What to work on –
Set down every record below exactly as it stands, leaving out the pictures.

Available records START

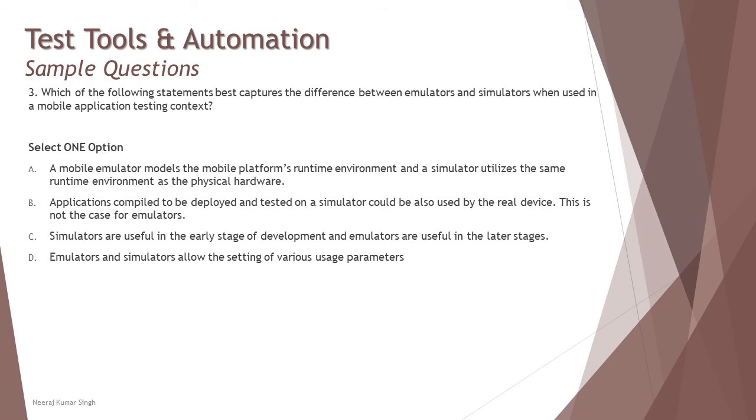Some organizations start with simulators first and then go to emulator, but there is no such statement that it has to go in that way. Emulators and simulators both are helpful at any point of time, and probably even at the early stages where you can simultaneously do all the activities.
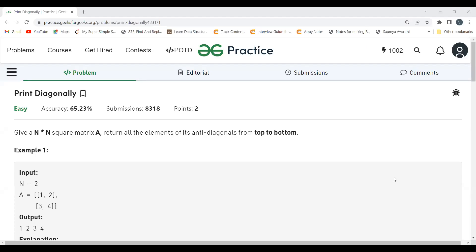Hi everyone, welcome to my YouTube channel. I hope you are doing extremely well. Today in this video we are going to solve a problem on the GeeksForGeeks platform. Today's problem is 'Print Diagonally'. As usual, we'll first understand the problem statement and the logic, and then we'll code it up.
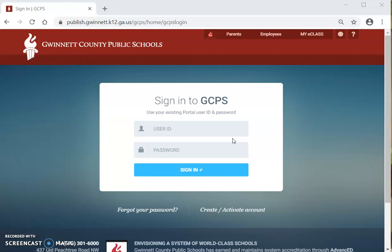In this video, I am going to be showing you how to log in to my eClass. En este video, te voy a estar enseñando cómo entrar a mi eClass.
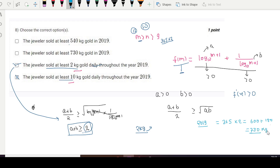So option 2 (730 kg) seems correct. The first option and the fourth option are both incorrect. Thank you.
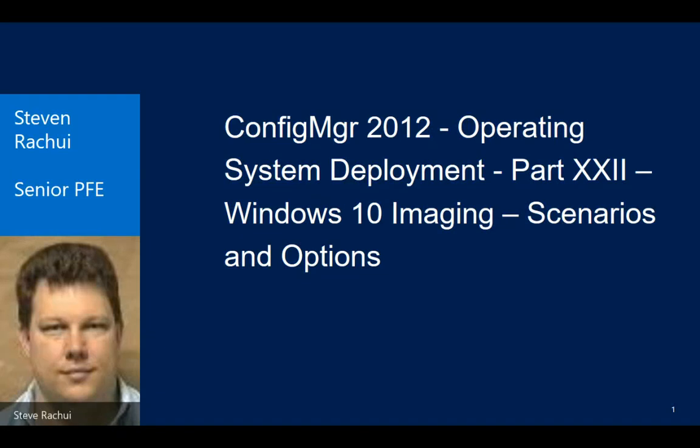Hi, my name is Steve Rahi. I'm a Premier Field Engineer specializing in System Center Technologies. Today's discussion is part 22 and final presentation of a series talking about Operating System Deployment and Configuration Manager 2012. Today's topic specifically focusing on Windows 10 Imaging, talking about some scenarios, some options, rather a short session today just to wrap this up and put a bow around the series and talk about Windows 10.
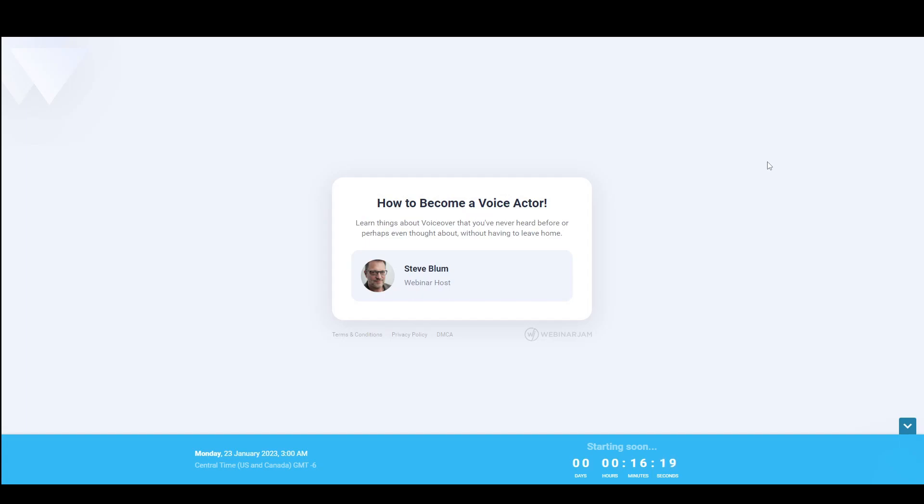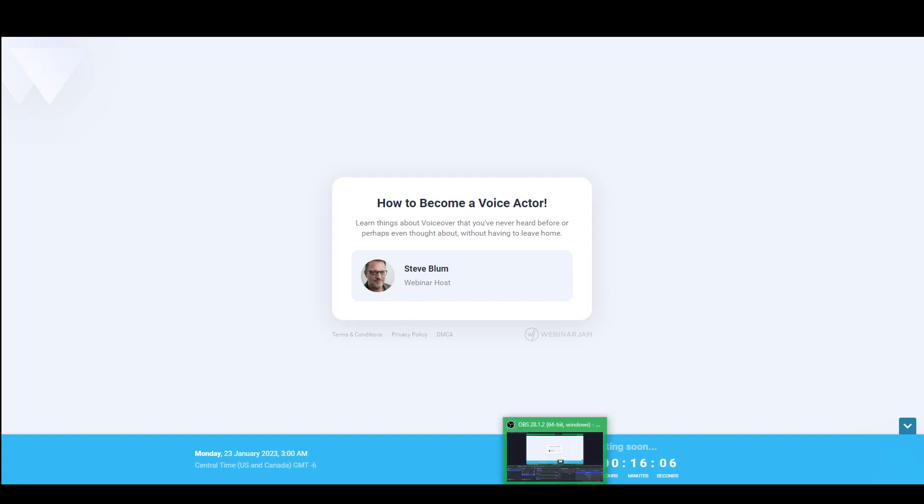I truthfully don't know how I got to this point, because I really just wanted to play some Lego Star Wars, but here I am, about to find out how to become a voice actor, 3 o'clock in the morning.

Available records END

Output for this exercise –
Some organizations start with simulators first and then go to emulator, but there is no such statement that it has to go in that way. Emulators and simulators both are helpful at any point of time, and probably even at the early stages where you can simultaneously do all the activities.
Hi everyone, welcome to my YouTube channel. I hope you are doing extremely well. Today in this video we are going to solve a problem on the GeeksForGeeks platform. Today's problem is 'Print Diagonally'. As usual, we'll first understand the problem statement and the logic, and then we'll code it up.
In this video, I am going to be showing you how to log in to my eClass. En este video, te voy a estar enseñando cómo entrar a mi eClass.
So option 2 (730 kg) seems correct. The first option and the fourth option are both incorrect. Thank you.
Hi, my name is Steve Rahi. I'm a Premier Field Engineer specializing in System Center Technologies. Today's discussion is part 22 and final presentation of a series talking about Operating System Deployment and Configuration Manager 2012. Today's topic specifically focusing on Windows 10 Imaging, talking about some scenarios, some options, rather a short session today just to wrap this up and put a bow around the series and talk about Windows 10.
I truthfully don't know how I got to this point, because I really just wanted to play some Lego Star Wars, but here I am, about to find out how to become a voice actor, 3 o'clock in the morning.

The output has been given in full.